Last Updated: 14-12-2023 10:31:49pm

The Supreme Court has ruled that under Section 240A of the Insolvency and Bankruptcy Code, 2016 (IBC), a corporate debtor's promoter remains eligible to submit a resolution plan even if the entity is registered as a Micro, Small, and Medium Enterprise (MSME) after the commencement of the Corporate Insolvency Resolution Process (CIRP). The decision overturns a National Company Law Appellate Tribunal (NCLAT) order declaring a promoter ineligible due to obtaining an MSME certificate post-CIRP initiation.

On April 6, 2021, Shree Aashraya Infra-Con Limited entered CIRP under IBC, and on July 15, 2021, it secured MSME registration. Mr. Hari Babu Thota served as the appointed Resolution Professional. The amendment to IBC on November 23, 2017, introduced Section 29A, listing individuals ineligible to submit a resolution plan, including promoters and related parties. Section 240A, effective June 6, 2018, exempted MSME corporate debtors from Section 29A restrictions, allowing promoters to submit resolution plans.

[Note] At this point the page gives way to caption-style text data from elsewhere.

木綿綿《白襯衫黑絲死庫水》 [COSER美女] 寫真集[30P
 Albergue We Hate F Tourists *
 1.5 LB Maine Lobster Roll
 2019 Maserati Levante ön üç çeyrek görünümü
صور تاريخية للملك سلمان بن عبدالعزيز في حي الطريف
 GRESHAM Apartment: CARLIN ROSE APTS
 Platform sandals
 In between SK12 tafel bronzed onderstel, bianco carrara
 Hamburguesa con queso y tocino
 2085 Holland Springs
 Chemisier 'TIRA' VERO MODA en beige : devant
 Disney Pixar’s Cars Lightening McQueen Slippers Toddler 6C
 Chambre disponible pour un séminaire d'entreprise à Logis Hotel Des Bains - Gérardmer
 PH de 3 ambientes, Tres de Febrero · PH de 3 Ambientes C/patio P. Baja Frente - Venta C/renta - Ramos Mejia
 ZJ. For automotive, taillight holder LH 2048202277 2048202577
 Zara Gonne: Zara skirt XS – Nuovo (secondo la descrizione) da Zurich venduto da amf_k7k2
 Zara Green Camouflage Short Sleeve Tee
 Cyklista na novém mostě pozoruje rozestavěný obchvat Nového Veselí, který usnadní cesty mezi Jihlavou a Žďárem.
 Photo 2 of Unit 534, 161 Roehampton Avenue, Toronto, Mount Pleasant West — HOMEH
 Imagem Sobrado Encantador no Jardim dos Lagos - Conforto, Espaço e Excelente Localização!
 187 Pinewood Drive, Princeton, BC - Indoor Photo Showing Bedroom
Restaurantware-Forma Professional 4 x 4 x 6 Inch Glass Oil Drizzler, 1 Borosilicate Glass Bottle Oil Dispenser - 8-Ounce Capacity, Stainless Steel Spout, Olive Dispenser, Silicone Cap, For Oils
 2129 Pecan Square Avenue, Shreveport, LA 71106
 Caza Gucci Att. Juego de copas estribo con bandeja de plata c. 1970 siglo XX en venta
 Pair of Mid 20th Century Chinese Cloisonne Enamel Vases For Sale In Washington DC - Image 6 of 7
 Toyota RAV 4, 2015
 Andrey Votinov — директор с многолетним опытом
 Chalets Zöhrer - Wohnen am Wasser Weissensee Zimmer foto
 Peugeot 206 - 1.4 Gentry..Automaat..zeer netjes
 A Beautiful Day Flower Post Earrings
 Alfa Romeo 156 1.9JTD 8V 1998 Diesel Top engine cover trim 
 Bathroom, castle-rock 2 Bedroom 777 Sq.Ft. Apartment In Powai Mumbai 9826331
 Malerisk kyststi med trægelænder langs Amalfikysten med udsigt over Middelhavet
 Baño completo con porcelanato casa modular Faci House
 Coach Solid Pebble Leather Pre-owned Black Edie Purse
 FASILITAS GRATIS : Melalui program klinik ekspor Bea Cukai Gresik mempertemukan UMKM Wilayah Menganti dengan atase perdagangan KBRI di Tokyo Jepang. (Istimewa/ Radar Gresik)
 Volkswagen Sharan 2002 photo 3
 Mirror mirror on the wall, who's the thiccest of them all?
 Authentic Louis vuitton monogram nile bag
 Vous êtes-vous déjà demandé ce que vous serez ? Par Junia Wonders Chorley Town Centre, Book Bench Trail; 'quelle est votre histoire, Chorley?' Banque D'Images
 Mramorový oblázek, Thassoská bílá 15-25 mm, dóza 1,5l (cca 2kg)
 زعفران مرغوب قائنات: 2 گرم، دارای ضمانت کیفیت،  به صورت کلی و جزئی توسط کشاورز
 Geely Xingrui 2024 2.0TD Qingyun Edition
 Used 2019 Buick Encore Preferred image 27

Despite obtaining approval from the Committee of Creditors, the NCLT on February 28, 2023, rejected the resolution plan, citing the post-CIRP MSME certification. The NCLAT upheld this decision on June 2, 2023, relying on precedent and asserting that post-CIRP MSME certification disqualifies promoters from benefiting under Section 240A.

Sections 29A(c), (g), and (h) detail disqualifications related to corporate debtor promoters. Section 29A(c) bars those with accounts classified as non-performing assets (NPAs) for a year from the CIRP date. Section 29A(g) disqualifies promoters involved in preferential, undervalued, fraudulent, or extortionate transactions if the NCLT issued an order. Section 29A(h) disqualifies those who provided a guarantee to a creditor in insolvency proceedings against the corporate debtor, and the guarantee remains unpaid.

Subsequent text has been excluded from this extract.